Primary Children’s Hybrid Operating Room
Salt Lake City, Utah
Best little project
Presented by: Jacobsen Construction Co.
Region: ENR Mountain States
Owner: Children’s Primary Hospital
Main design company: NJRA Architects
General contractor: Jacobsen Construction Co.
Structural engineer: Reaveley Engineers + Associates
Mechanical Engineer: VBFA
Electrical Engineer: BNA Consulting
Subcontractors: A&D Fire Sprinklers Inc.; Apache Industrial Services Inc.; Architectural Building Supply LLC; Architectural Components Inc.; DAW Construction Group LLC; Glassey Steel Works; Grow Painting Inc.; HC West LLC; Healthcare Technology Corp.; mechanical KOH; Millcreek Tile & Stone LLC; Mitchell Acoustics Inc.; Mollerup Glass Co.; Quirk Inc.; Stainless Steel Specialties LLC; Stonehard; Taylor Electric Inc.; Western veneer
Centrally located between 13 active operating rooms, this project’s workplace proved to be the most complex challenge, says Sourabh Sinha, project director at NJRA Architects. “Mitigating construction noise, dust and potential infection is of the utmost importance in an environment such as operating rooms,” he says.
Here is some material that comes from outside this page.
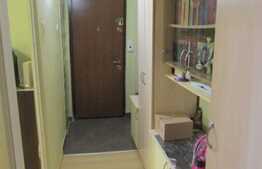 Oportunitate! De vanzare apartament 2 camere decomandate , 54 mp, zona strazii Dunarii 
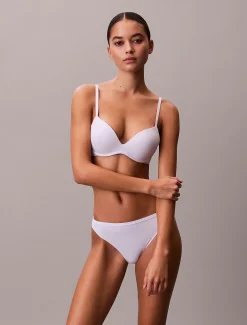 Slips - Perfectly Fit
The solution was to cut a sealed tunnel corridor from outside the hospital directly to the workplace. Without a useful exit, workers removed a section of the exterior wall to create the endpoint from scratch. Tools and equipment arriving in this sterile environment first had to be specially cleaned and covered. Workers wore Tyvek “bunny suits” from head to toe.
Relocating the surgical gas lines to make room for this tunnel required extensive pre-planning. Quickly relocated during out-of-hospital hours, correct pipe placement was still verified with multiple layers of redundancy. “If we were to run nitrous oxide in an oxygen line, just think of the result,” says Scott Sabin, project manager for Jacobsen Construction.
The operating theater was built directly over the hospital’s histology laboratory. Steel reinforcement was added to the laboratory ceiling to support the weight of the overhead equipment. The team built dance floor scaffolding just 12 inches below the ceiling along with protective netting to keep the lab in use and sterile.